Le descendeur suisse Gilles Roulin a lui aussi publié un joli hommage à la carrière de Marc Gisin: «Bien que tu n’aies jamais gagné, je t’admire. Tu as si souvent été si proche du sommet et les coups durs t’ont à chaque fois freiné. Et pas des petites blessures mais de gros chocs.
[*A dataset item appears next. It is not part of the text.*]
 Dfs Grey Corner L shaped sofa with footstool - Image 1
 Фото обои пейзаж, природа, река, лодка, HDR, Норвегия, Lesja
Il faut vraiment avoir du courage!»

Didier Défago garde lui aussi que des bons souvenirs de son ancien coéquipier. «Marc, c’est un grand bonhomme en taille mais aussi humainement, se souvient le Valaisan. Un bon vivant, un talentueux golfeur et surtout un battant, comme son envie de revenir l’a démontré. Je lui souhaite tout le meilleur pour sa reconversion. Savoir dire stop, c’est l’une des décisions les plus difficiles dans la carrière d’un sportif. Que cela fonctionne ou pas». Dominique Gisin ne se fait elle aucun souvenir pour l’avenir de son frère: «Marc a tellement appris et vu ce qu’il a vécu au cours de sa carrière, il a une immense force de caractère. Je suis impressionnée par la personne qu’il est devenu!»